Or cette expérience était en général très
vaste car le CESTA avait trié ses conférenciers sur le
volet. Les organisateurs de ce cycle avaient, en effet, choisi des «
décideurs), , des « battants », des gens qui sont
« au fait » pour leur demander de décrire cette mutation
dont notre société est témoin, et de montrer quelles
sont leurs réactions face aux bouleversements déjà
commencés.
Hélas, j’ai eu souvent le sentiment, sauf à la dernière
séance, d’un dialogue de sourds entre les initiateurs de «
Lectures de notre temps » et les P.D.G., les professeurs, les
directeurs, et autres responsables ministériels qu’ils avaient
invités. Jacques Robin eut beau à plusieurs reprises répéter
que « ce qu’on appelle la crise » (2) n’en est pas une,
qu’il s’agit de beaucoup plus que cela, d’une véritable mutation...

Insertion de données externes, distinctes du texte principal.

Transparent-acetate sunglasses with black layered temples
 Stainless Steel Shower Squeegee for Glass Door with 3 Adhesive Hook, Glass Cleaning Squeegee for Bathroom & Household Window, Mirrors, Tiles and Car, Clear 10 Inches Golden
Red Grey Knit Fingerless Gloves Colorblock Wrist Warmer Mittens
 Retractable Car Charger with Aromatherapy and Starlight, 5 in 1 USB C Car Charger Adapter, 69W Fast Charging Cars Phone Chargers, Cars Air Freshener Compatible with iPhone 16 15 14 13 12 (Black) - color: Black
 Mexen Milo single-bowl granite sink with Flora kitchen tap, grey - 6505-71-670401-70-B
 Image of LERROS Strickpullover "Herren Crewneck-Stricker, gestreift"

tout s’est le plus souvent passé comme si ce mot de mutation,
souvent repris aujourd’hui. s’était émoussé, les
décideurs restant convaincus qu’au prix de quelques innovations,
du type de celles qu’ils ont décrites, ils seront toujours en
mesure de faire face, quoi qu’il arrive, sans qu’ils aient besoin d’imaginer
d’autres circuits économiques. Et quand Jacques Robin a demandé
si on pouvait imaginer une innovation financière qui ne satisfasse
pas seulement une infime partie de la population, les décideursinnovateurs
et autres « battants » n’ont pas eu de réponse. Mais
cela ne les a pas troublés.
LA COMPLEXITE
Sur le plan théorique, Edgar Morin a magistralement
décrit la complexité d’un système, montrant la
nécessité d’un changement dans nos structures mentales
pour saisir la complexité de la société, comme
celle d’une entreprise. S’ils peuvent entendre cette conférence
(3), nos lecteurs retrouveront ce que nous avons souligné dans
le livre de F. Capra (4) montrant qu’on ne décrit pas un système,
et l’homme en particulier, en le simplifiant pour le réduire
à une série de mécanismes. E. Morin conclut que
dans un système, quel qu’il soit, la société par
exemple, un programme clair, bien défini, est indispensable...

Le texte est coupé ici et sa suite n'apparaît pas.